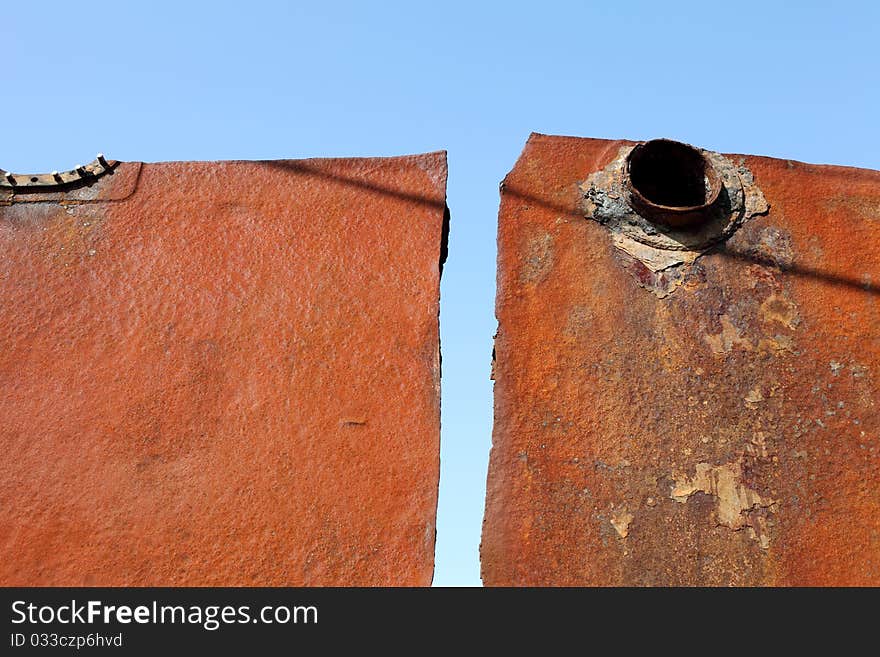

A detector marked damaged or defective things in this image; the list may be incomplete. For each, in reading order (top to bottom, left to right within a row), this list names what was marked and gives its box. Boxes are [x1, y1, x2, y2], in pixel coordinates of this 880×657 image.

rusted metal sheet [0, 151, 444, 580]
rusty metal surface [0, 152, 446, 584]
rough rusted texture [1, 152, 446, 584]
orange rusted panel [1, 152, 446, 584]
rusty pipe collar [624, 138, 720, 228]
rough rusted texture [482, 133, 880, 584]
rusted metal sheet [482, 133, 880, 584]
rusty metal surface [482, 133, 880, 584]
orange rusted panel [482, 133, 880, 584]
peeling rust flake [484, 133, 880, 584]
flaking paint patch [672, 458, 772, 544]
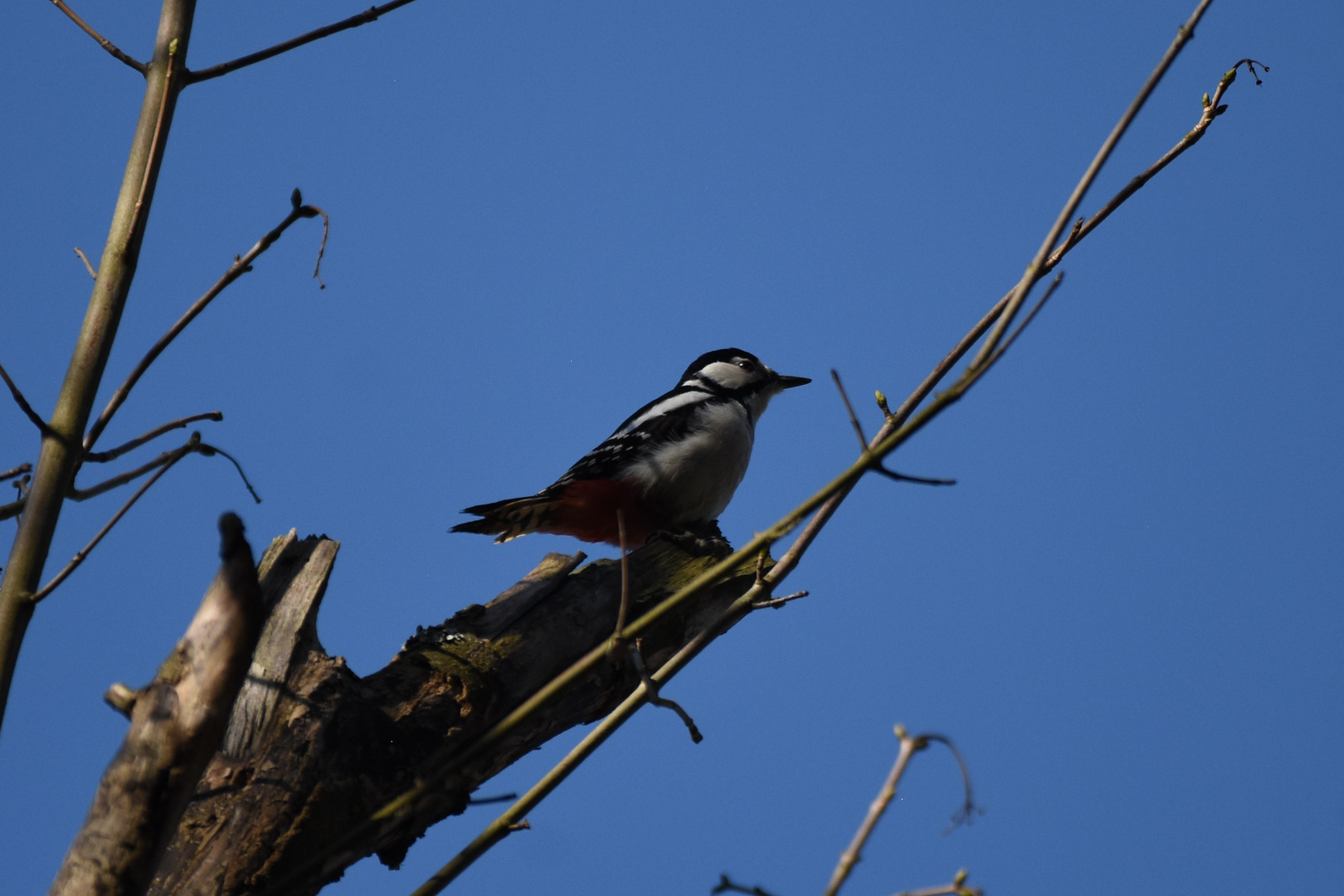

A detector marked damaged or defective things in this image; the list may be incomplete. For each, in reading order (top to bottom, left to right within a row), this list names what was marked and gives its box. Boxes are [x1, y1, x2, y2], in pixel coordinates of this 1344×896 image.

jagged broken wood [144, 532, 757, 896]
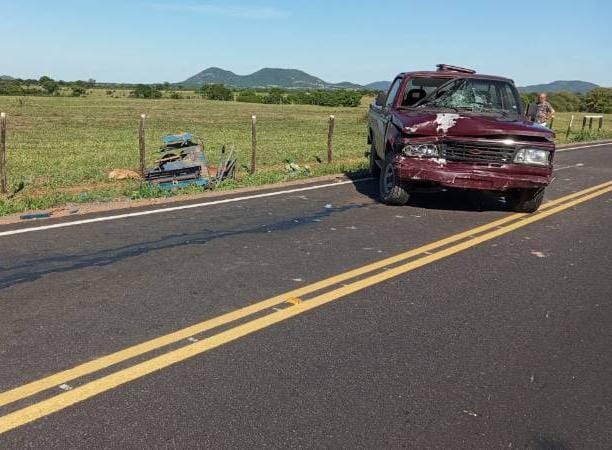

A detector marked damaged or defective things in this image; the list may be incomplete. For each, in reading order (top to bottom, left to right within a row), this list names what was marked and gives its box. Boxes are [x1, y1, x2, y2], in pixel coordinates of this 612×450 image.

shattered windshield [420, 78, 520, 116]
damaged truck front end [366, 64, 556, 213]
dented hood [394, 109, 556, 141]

How to complete this task:
Pictures are to be left out. Otherwise, copy the material above exactly.

Solution to this task:
A detector marked damaged or defective things in this image; the list may be incomplete. For each, in reading order (top to bottom, left to right within a row), this list names what was marked and gives its box. Boxes are [x1, y1, x2, y2], in pixel coordinates of this 880×657 image.

rusted metal sheet [0, 151, 444, 580]
rusty metal surface [0, 152, 446, 584]
rough rusted texture [1, 152, 446, 584]
orange rusted panel [1, 152, 446, 584]
rusty pipe collar [624, 138, 720, 228]
rough rusted texture [482, 133, 880, 584]
rusted metal sheet [482, 133, 880, 584]
rusty metal surface [482, 133, 880, 584]
orange rusted panel [482, 133, 880, 584]
peeling rust flake [484, 133, 880, 584]
flaking paint patch [672, 458, 772, 544]

A detector marked damaged or defective things in this image; the list may be incomplete. For each, in reading order (top to bottom, left to right within a row), this list names what was marked and gives its box. Boxes are [x1, y1, x2, y2], in pixel coordinates of this 1344×896 image.

jagged broken wood [144, 532, 757, 896]

A detector marked damaged or defective things in this image; the list may be incomplete. For each, in reading order (top to bottom, left to right within a row), this list names what was marked and gives its box. Boxes are [x1, y1, x2, y2], in pixel coordinates of this 612×450 image.

shattered windshield [420, 78, 520, 116]
damaged truck front end [366, 64, 556, 213]
dented hood [394, 109, 556, 141]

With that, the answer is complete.